Depending how 'exact' you want it, another option is to use the EOS Utility, Camera Connect, EOS Remote, DSLR Controller, or some other remote program (windows/android) that lets you live view thru WiFi or Bluetooth. Might not be the same quality or as fast as HDMI... but it's way more convenient wireless.


----------



## jprusa (Jan 17, 2021)

Bdbtoys said:


> Depending how 'exact' you want it, another option is to use the EOS Utility, Camera Connect, EOS Remote, DSLR Controller, or some other remote program (windows/android) that lets you live view thru WiFi or Bluetooth. Might not be the same quality or as fast as HDMI... but it's way more convenient wireless.
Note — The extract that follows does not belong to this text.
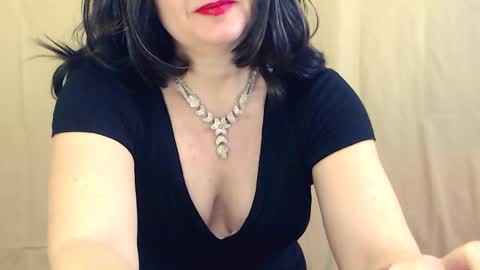 Snapshot of fun4tips chatting on February 2025 04:14:01 PM Fun4Tips online show from February 2025 04:14:01 PM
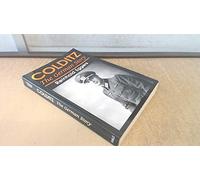 Colditz: The German Story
Connect, EOS Remote, DSLR Controller are Apps will not work on windows , EOS Utility is not wireless unless there is a new one I don't know about.


----------



## Bdbtoys (Jan 17, 2021)

jprusa said:


> Connect, EOS Remote, DSLR Controller are Apps will not work on windows , EOS Utility is not wireless unless there is a new one I don't know about.



EOS Utility has direct Wifi (I just tried it before posting and it worked well).
The Android Apps can be ran on windows thru Bluestacks (or on tablet...if that is a better option for the OP).
There was another really good one that was a similar name to one of the apps that ran natively on Windows... I'll go see if I can dig it up (edit... it's Helicon Remote).

The point I was trying to make was that there are wireless options...


----------



## Mt Spokane Photography (Jan 17, 2021)

Use Canon utilities to not only view but to control it. A USB-C for the camera end with whatever USBend matches your laptop is easy, but you can use wifi as well. 

It just takes me seconds to connect my camera to my pc and start up canon utilities 3. Then I can display what's on the LCD and control the camera and settings as well as capture images. I did it just now and pointed it at my monitor at /16 just to get a little depth of field. I expect it added noise.


----------



## koenkooi (Jan 18, 2021)

privatebydesign said:


> Like joules says, maybe I am wrong. 100% Thunderbolt (which your computer has) supports HDMI into the laptop, but if that allows your laptop screen to effectively become a dumb screen I couldn’t say.



Thunderbolt 1-3 allow DisplayPort data on the bus, not HDMI. USB-C has an 'HDMI alt-mode', which allows HDMI data on the bus. If you have thunderbolt 3 ports, you can get both DP and HDMI alt-modes. As for supporting either of those *into* a Mac, that was only supported on iMacs and stopped being supported after apple moved to Thunderbolt2 on those machines (somewhere before 2015). Since my work laptop is faster than my personal iMac, I was a bit miffed to discover I couldn't use the iMac in screen mode, which my old one did support.

Back to the OPs question: I'm using a 'Camlink 4k' from Elgata/Corsair, which works quite well for capturing the HDMI output of the camera. Since it shows up as a proper video input, it "just works". You could alsp use the Canon Webcam thing or EOS Utility if you don't need it to be a proper video input.


----------